- _What the exercise asks_:
From the line containing "Jogglelerhof Comfortable holiday residence" to the line containing "metro clocks malaga spain metro" in the entries below, reproduce every line exactly, ends included. Nothing else belongs in the copy, and no pictures.

----- Data excerpts -----

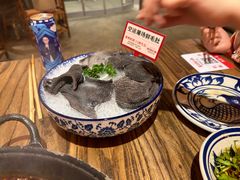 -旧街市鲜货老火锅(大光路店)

-----
----- Data excerpts -----

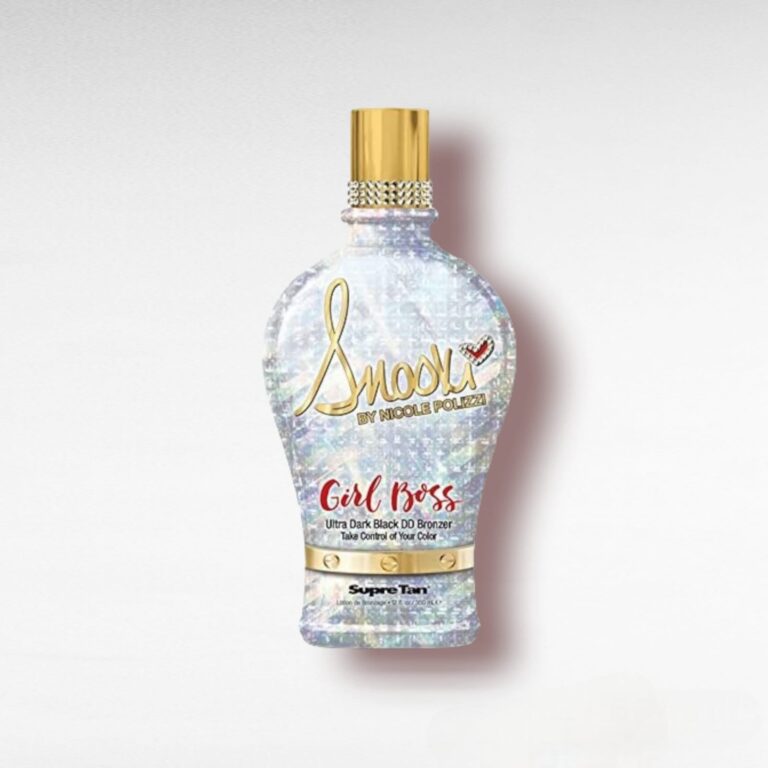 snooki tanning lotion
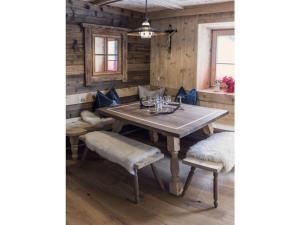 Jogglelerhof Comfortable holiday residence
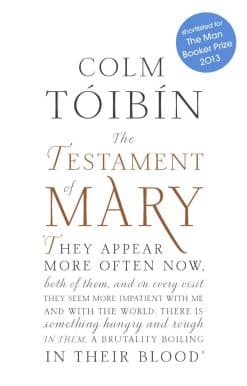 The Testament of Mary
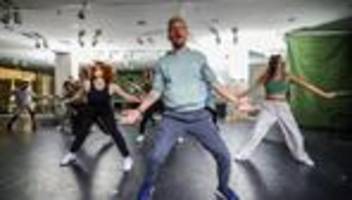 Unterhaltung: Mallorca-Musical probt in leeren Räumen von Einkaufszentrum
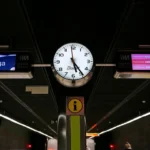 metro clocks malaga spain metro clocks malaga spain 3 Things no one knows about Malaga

-----

- _Response_:
 Jogglelerhof Comfortable holiday residence
 The Testament of Mary
 Unterhaltung: Mallorca-Musical probt in leeren Räumen von Einkaufszentrum
 metro clocks malaga spain metro clocks malaga spain 3 Things no one knows about Malaga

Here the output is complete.